[Mpi3-ft] MPI_ANY_SOURCE ... again...

Wed Jan 25 17:06:32 CST 2012

Hi Josh,

Cray is okay with the semantics described in the current
FTWG proposal attached to the ticket.

We plan to just leverage the out-of-band system fault
detector software that currently kills jobs if
a node goes down that the job was running on.

Howard

Josh Hursey wrote:
> We really need to make a decision on semantics for MPI_ANY_SOURCE.
> 
> During the plenary session the MPI Forum had a problem with the current
> proposed semantics. The current proposal states (roughly) that
> MPI_ANY_SOURCE return when a failure emerges in the communicator. The
> MPI Forum read this as a strong requirement for -progress- (something
> the MPI standard tries to stay away from).
> 
> The alternative proposal is that a receive on MPI_ANY_SOURCE will block
> until completed with a message. This means that it will -not- return
> when a new failure has been encountered (even if the calling process is
> the only process left alive in the communicator). This does get around
> the concern about progress, but puts a large burden on the end user.
> 
> 
> There are a couple good use cases for MPI_ANY_SOURCE (grumble, grumble)
> - Manager/Worker applications, and easy load balancing when
> multiple incoming messages are expected. This blocking behavior makes
> the use of MPI_ANY_SOURCE dangerous for fault tolerant applications, and
> opens up another opportunity for deadlock.
> 
> For applications that want to use MPI_ANY_SOURCE and be fault tolerant
> they will need to build their own failure detector on top of MPI using
> directed point-to-point messages. A basic implementation might post
> MPI_Irecv()'s to each worker process with an unused tag, then poll on
> Testany(). If any of these requests complete in error
> (MPI_ERR_PROC_FAIL_STOP) then the target has failed and the application
> can take action. This user-level failure detector can (should) be
> implemented in a third-party library since failure detectors can be
> difficult to implement in a scalable manner.
> 
> In reality, the MPI library or the runtime system that supports MPI will
> already be doing something similar. Even for MPI_ERRORS_ARE_FATAL on
> MPI_COMM_WORLD, the underlying system must detect the process failure,
> and terminate all other processes in MPI_COMM_WORLD. So this represents
> a -detection- of the failure, and a -notification- of the failure
> throughout the system (though the notification is an order to
> terminate). For MPI_ERRORS_RETURN, the MPI will use this
> detection/notification functionality to reason about the state of the
> message traffic in the system.
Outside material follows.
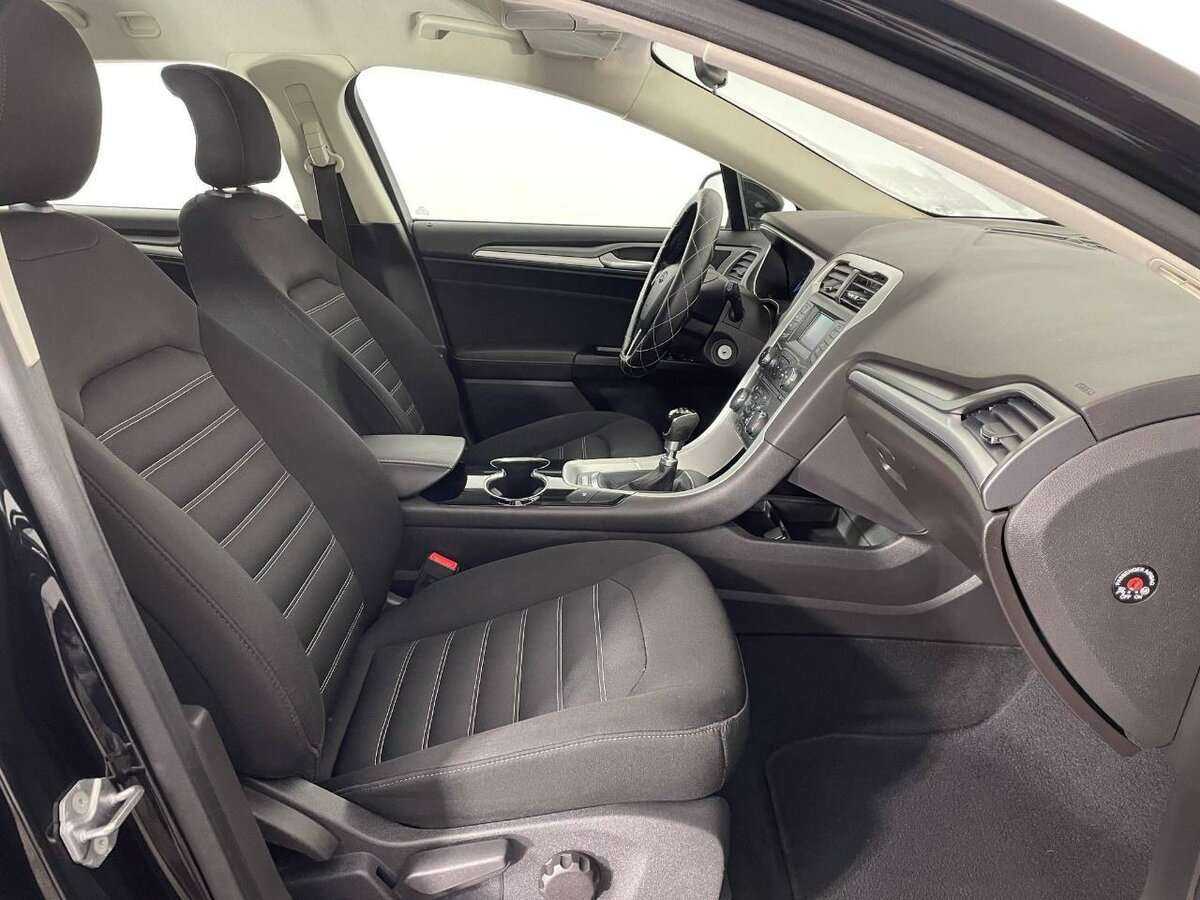 Продажа Б/У Форд Мондео. Фото: #13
So it seems silly to force the user to
> duplicate this (nontrivial) detection/notification functionality on top
> of MPI, just to avoid the progress discussion.
> 
> 
> So that is a rough summary of the debate. If we are going to move
> forward, we need to make a decision on MPI_ANY_SOURCE. I would like to
> make such a decision before/during the next teleconf (Feb. 1).
> 
> I'm torn on this one, so I look forward to your comments.
> 
> -- Josh
> 
> -- 
> Joshua Hursey
> Postdoctoral Research Associate
> Oak Ridge National Laboratory
> http://users.nccs.gov/~jjhursey
> 

-- 
Howard Pritchard
Software Engineering
Cray, Inc.